Thomas Bahnert, André Pilling

Vortrag auf dem Expertenpanel von buildingSMART Deutschland am 26. September 2022 in Berlin.

Thema: Wann ist BIM eine besondere Leistung? Bedarf es einer grundlegenden HOAI-Änderung?

Referent: Dr.-Ing. Thomas Bahnert, buildingSMART-Fachgruppe Recht, THOST Projektmanagement GmbH

Co-Moderator: André Pilling, buildingSMART-Zertifizierungsprogramm Professional Certification, POS4 Architekten Generalplaner, DEUBIM, EDUBIM


Kernthesen von Dr. Thomas Bahnert

  • Ausgerichtet an der Umsetzung der BIM-Anwendungsfällen nach BIM-Deutschland des BMDV und BMWSB aus 02/2022 sind die aktuellen Leistungsbilder des Grundleistungskataloges der HOAI unvollständig. Hier bedarf es für die Umsetzung von BIM zusätzlicher Leistungen, die nach aktuellem Preisrecht besondere Leistungen sind.
  • Vorgenannte zusätzliche Leistungen bedingen auch neue Rollen (beispielsweise BIM-Gesamtkoordinator) in der Projektlandschaft.
  • Der Planungsprozess mit BIM ist komplexer und anspruchsvoller als der Planungsprozess der analogen Planung.
  • Unter Berücksichtigung der vorgenannten Sachverhalte ist die aktuelle Vergütung nach HOAI mit Beschränkung auf die Grundleistungen bei einer Planung mit BIM nicht auskömmlich bzw. angemessen.
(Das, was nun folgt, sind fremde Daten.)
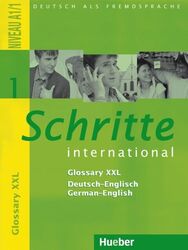 Schritte international 1. Glossar XXL Deutsch-Englisch ~  ~  9783194518513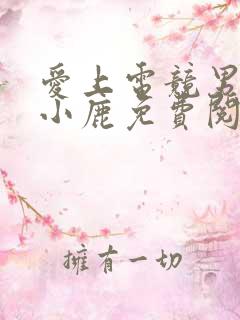 爱上电竞男神林小鹿免费阅读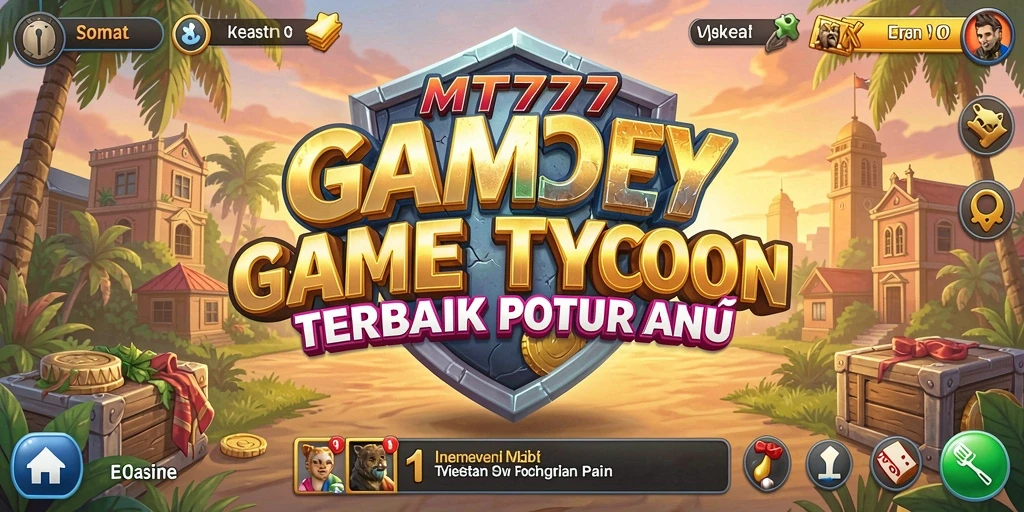 Screenshot gameplay MT777 menampilkan manajemen bisnis yang seru.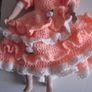 Hermitage Mint Porcelain  Doll with Crotchet Dress 1988 Image 2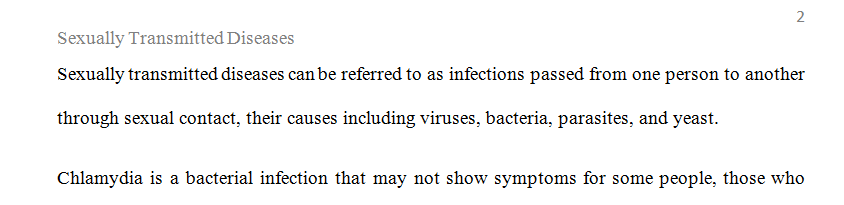 Discuss the various types of sexually transmitted diseases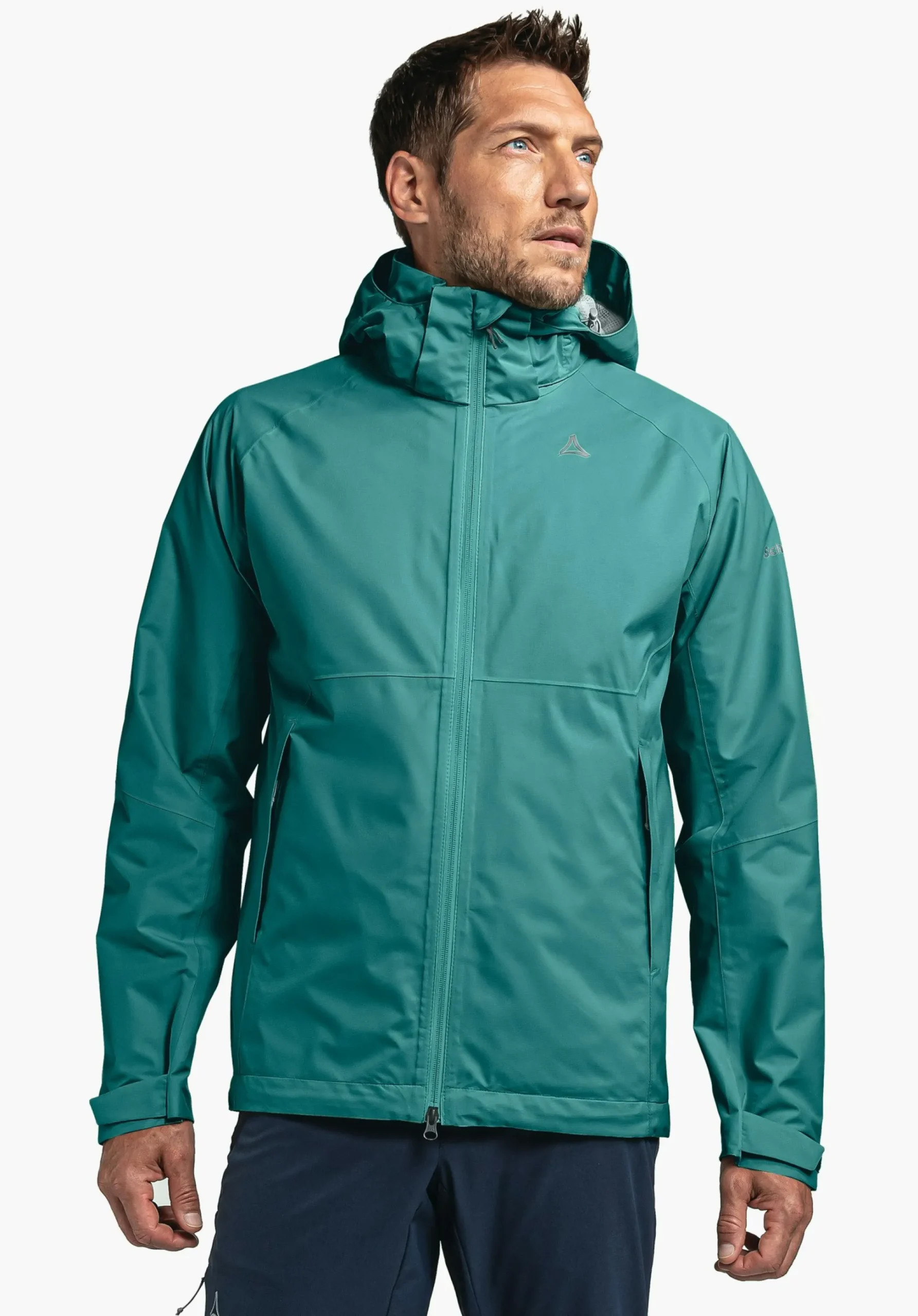 MEN SCHÖFFEL Trek & Hike|Outdoor Jackets<Stretchy rain jacket with pack-away bag orange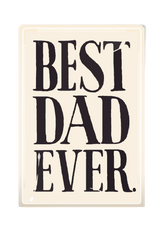 Best Dad Ever. Decoupage Glass Tray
Zum Thema besondere Leistungen trug Co-Moderator André Pilling zu Beginn ein Beispiel aus dem Planungsalltag vor. Eine Kommune eröffnete ein VgV-Verfahren mit vorgelagertem Planerwettbewerb und BIM-Qualifikation für den Bau einer Gesamtschule. Der Planer errechnete Kosten, die fast 160 Prozent über den Sätzen der HOAI lagen. Er begründete die Kosten mit BIM. Daraufhin überlegte der Projektleiter, das BIM-Projekt abzusagen.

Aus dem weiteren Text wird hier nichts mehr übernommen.